Leave out the pictures, and reproduce exactly the lines from the line containing "城市、产业与区域发展 讲义第1页" through the final line of the entries.

*** AVAILABLE RECORDS ***

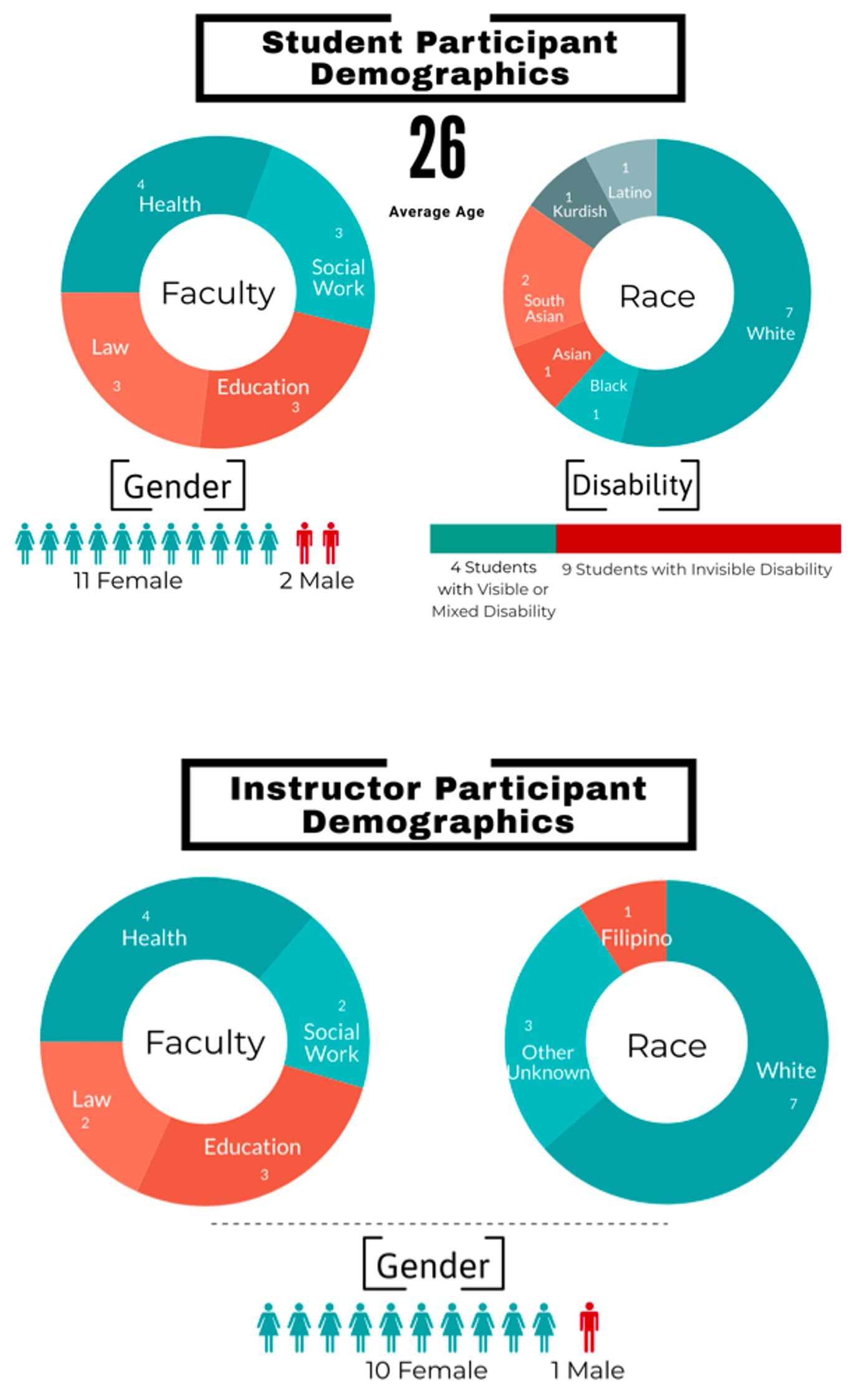 Student Participant Demographics are as follows: The average age of the 13 participants was 26. 11 of the participants were female and two were male. Four participants were from the faculty of Health, 3 from law, 3 from education, and 3 from social work. Of these participants, 9 students had an invisible disability and 4 students had a visible or mixed disability. In terms of race, 7 were White, 1 Latino, 1 Kurdish, 2 South Asian, 1 Asian, and 1 Black. Of the 11 instructor participants, 10 identified as female and one individual as male. 4 were from the Faculty of Health, 2 from Law, 3 from Education, and 2 from Social Work. In terms of race, 7 identified as White, 1 as Filipino, and 3 as other/unknown.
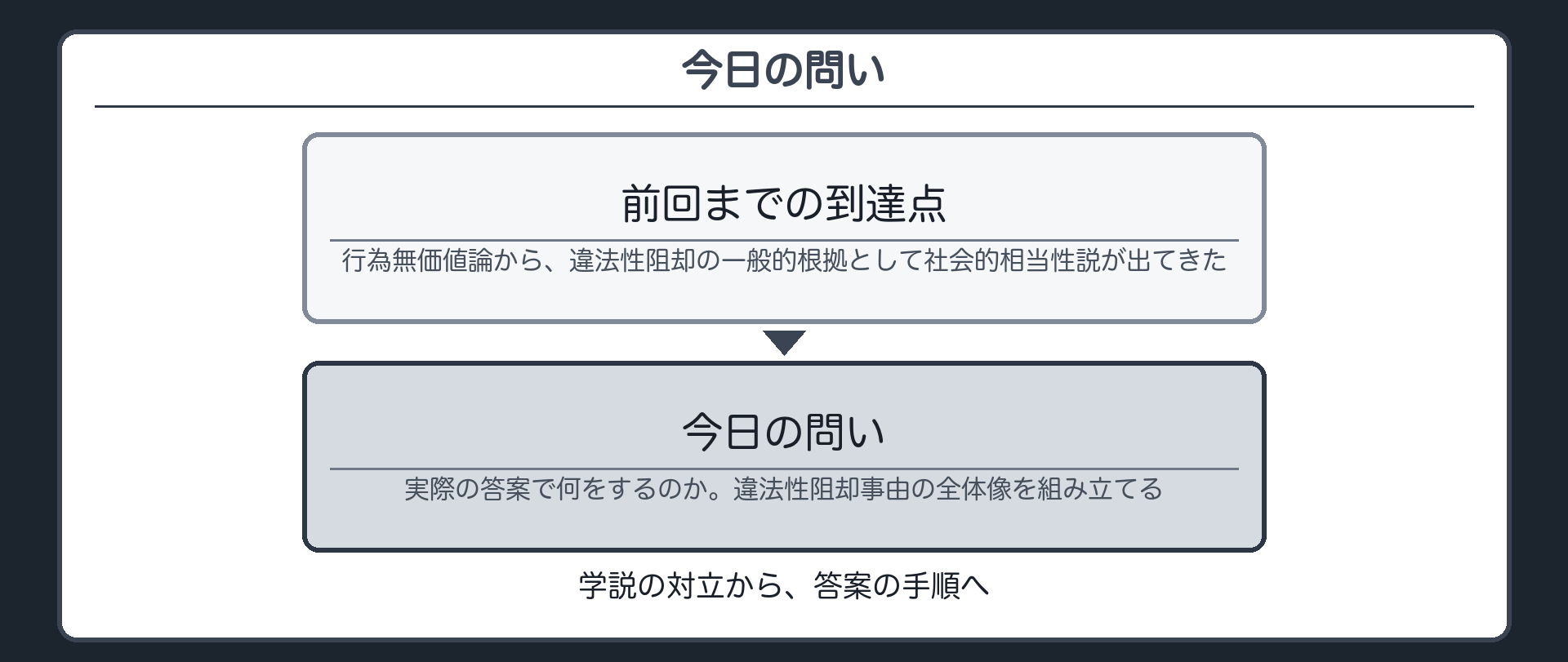 今日の問い——推定を覆す事情を、どう探すか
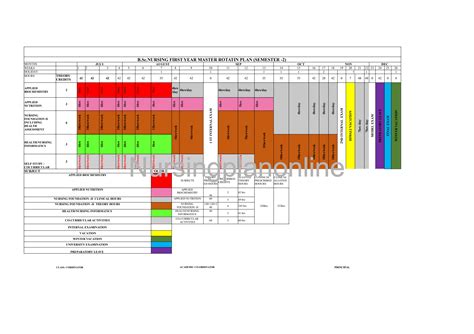 Master Rotation Plan BSc Semester 2 for First-Year Students Guide ...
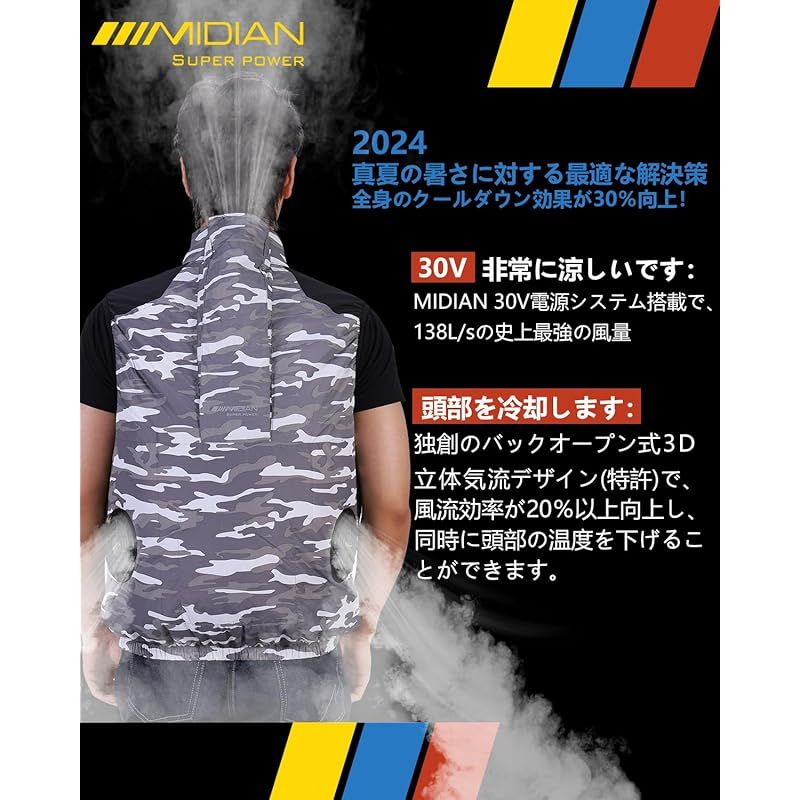 ファンバッテリーセット付きファン付き作業ベスト防水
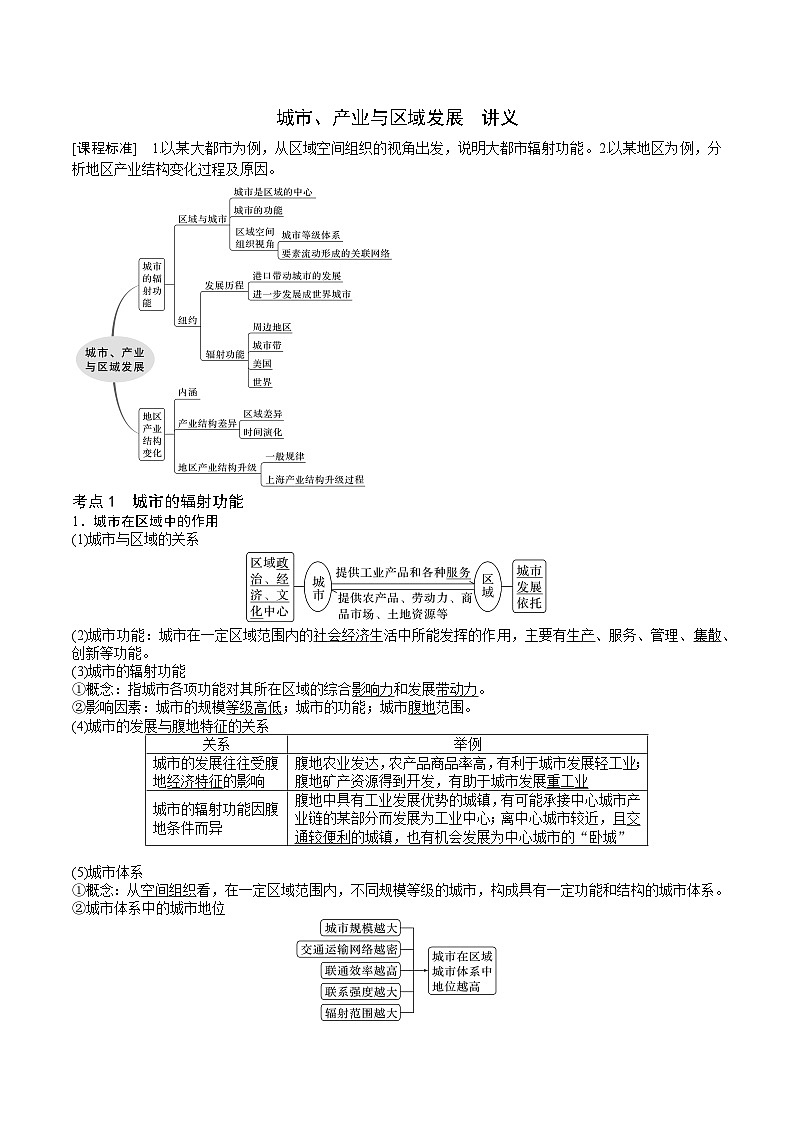 城市、产业与区域发展 讲义第1页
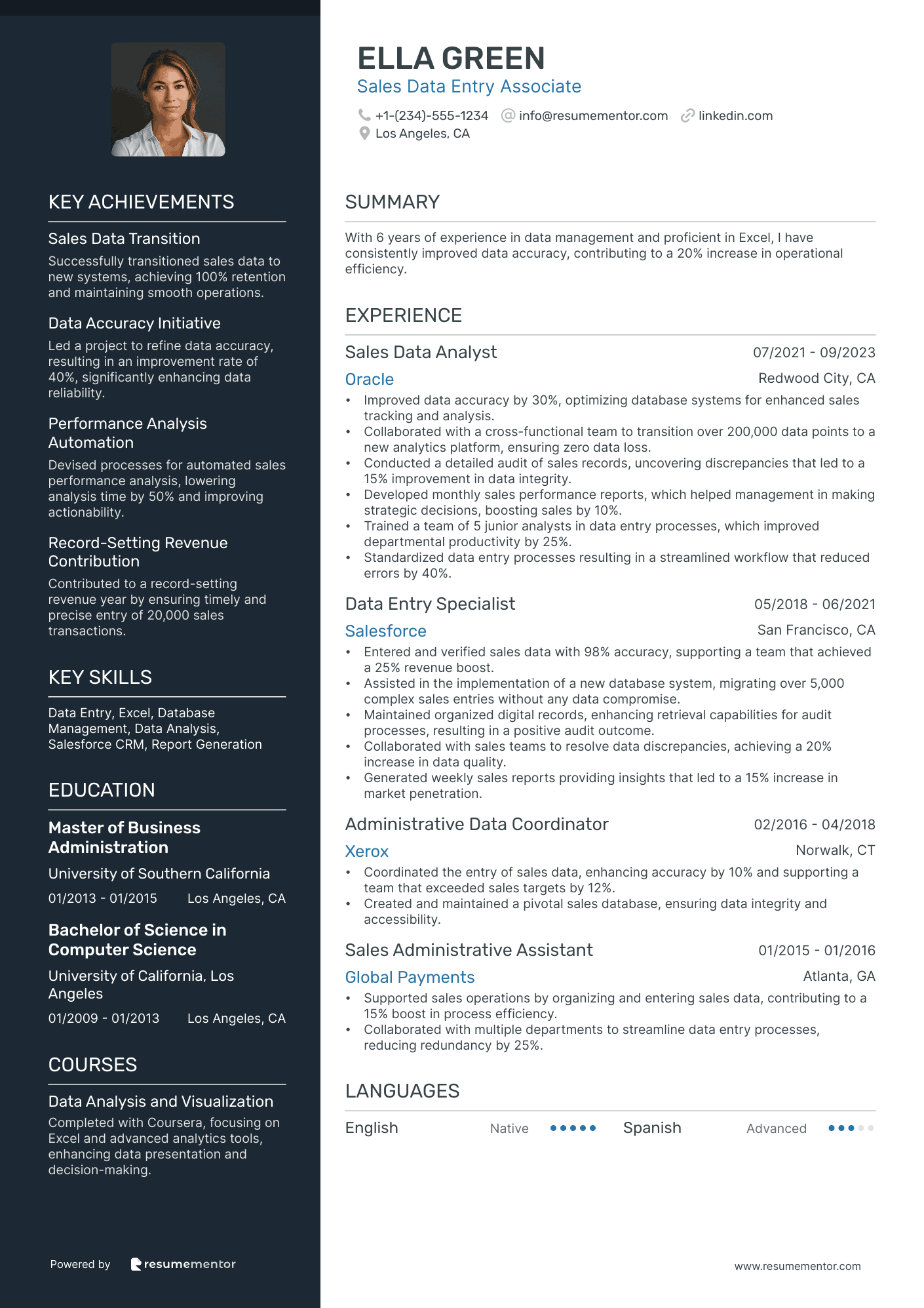Sales Data Entry Associate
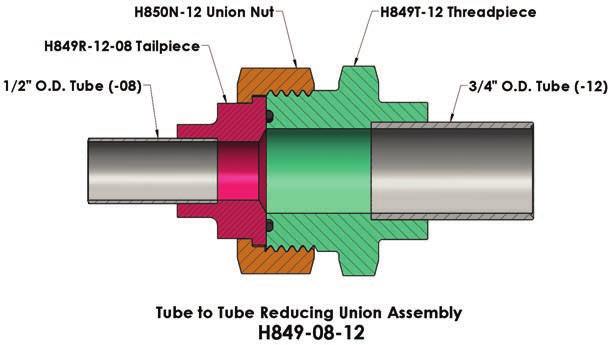 Mark VIII Tube Fittings Union Assemblies* *Unions come standard with Viton O-Ring, unless otherwise specifi ed.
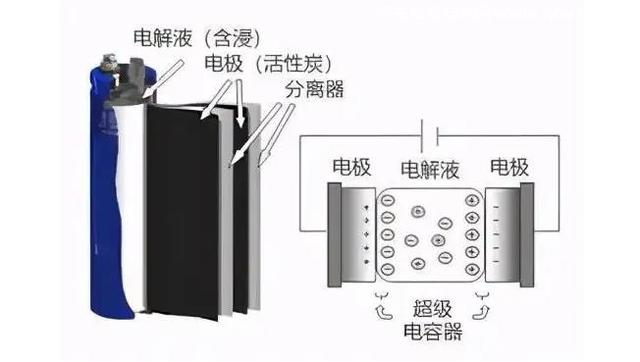 超级电容器是什么？超级电容器的种类有哪些-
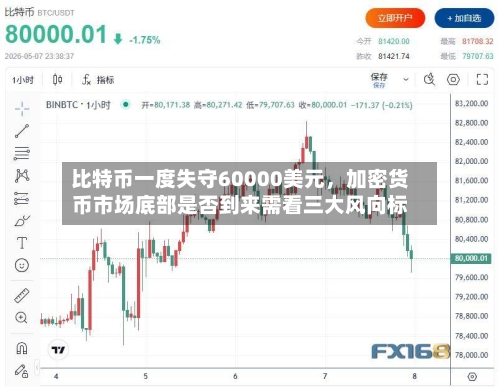 比特币一度失守60000美元	，加密货币市场底部是否到来需看三大风向标-第2张图片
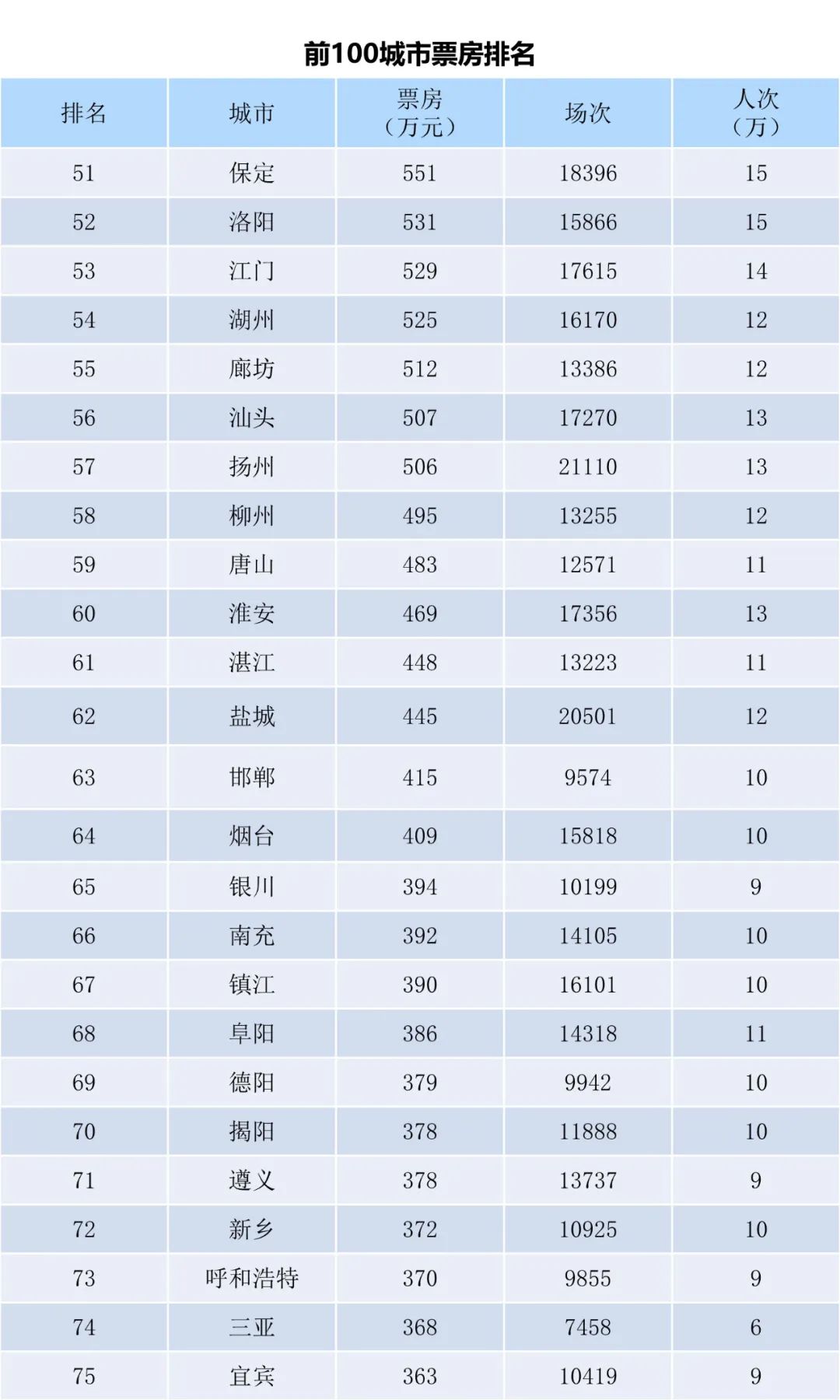 全国电影票房月报（2022年12月）-第5张图片-奈飞网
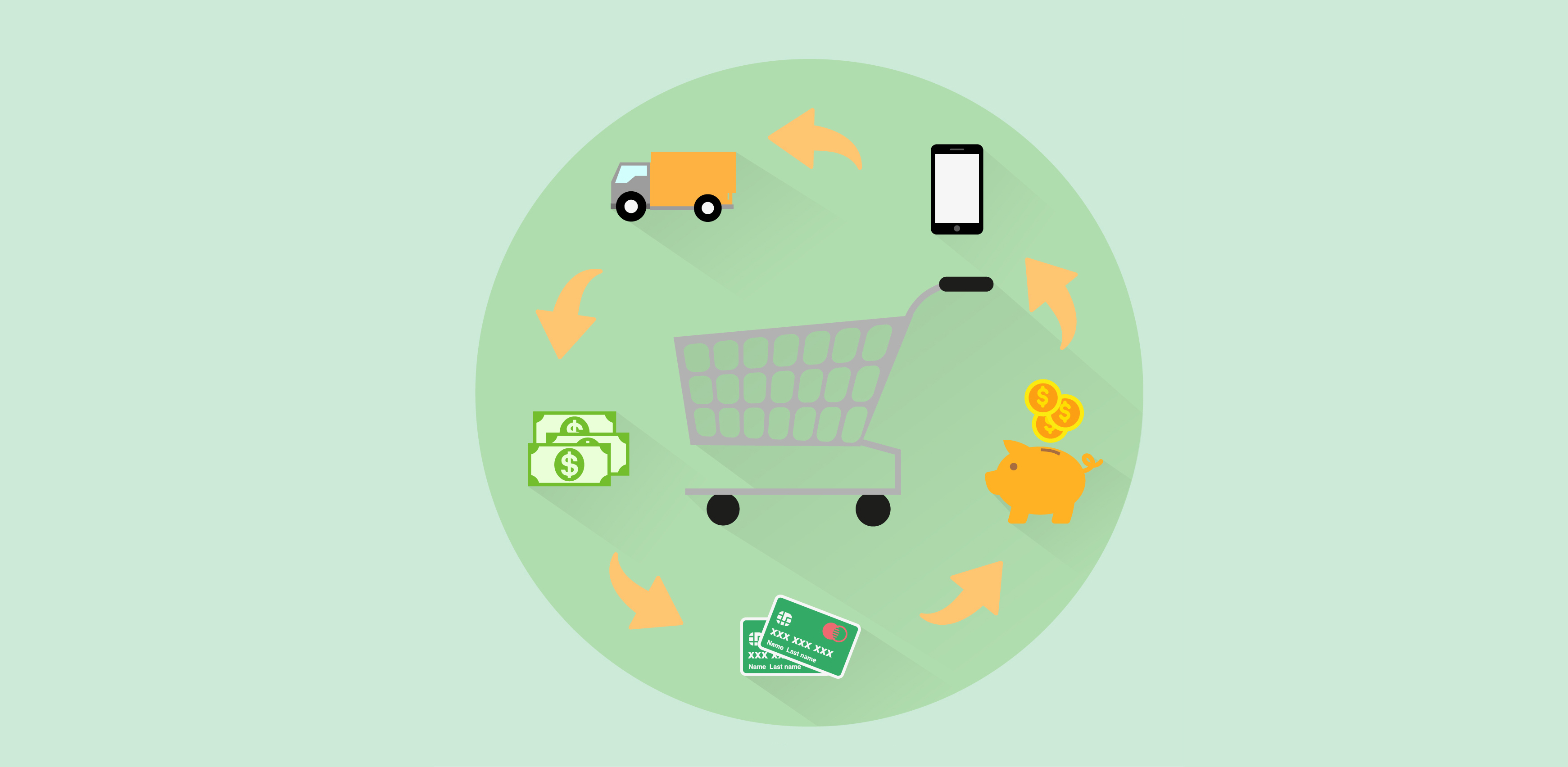 A importância do ERP para o e-commerce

*** End of AVAILABLE RECORDS ***

TASK RESULT:
 城市、产业与区域发展 讲义第1页
Sales Data Entry Associate
 Mark VIII Tube Fittings Union Assemblies* *Unions come standard with Viton O-Ring, unless otherwise specifi ed.
 超级电容器是什么？超级电容器的种类有哪些-
 比特币一度失守60000美元	，加密货币市场底部是否到来需看三大风向标-第2张图片
 全国电影票房月报（2022年12月）-第5张图片-奈飞网
 A importância do ERP para o e-commerce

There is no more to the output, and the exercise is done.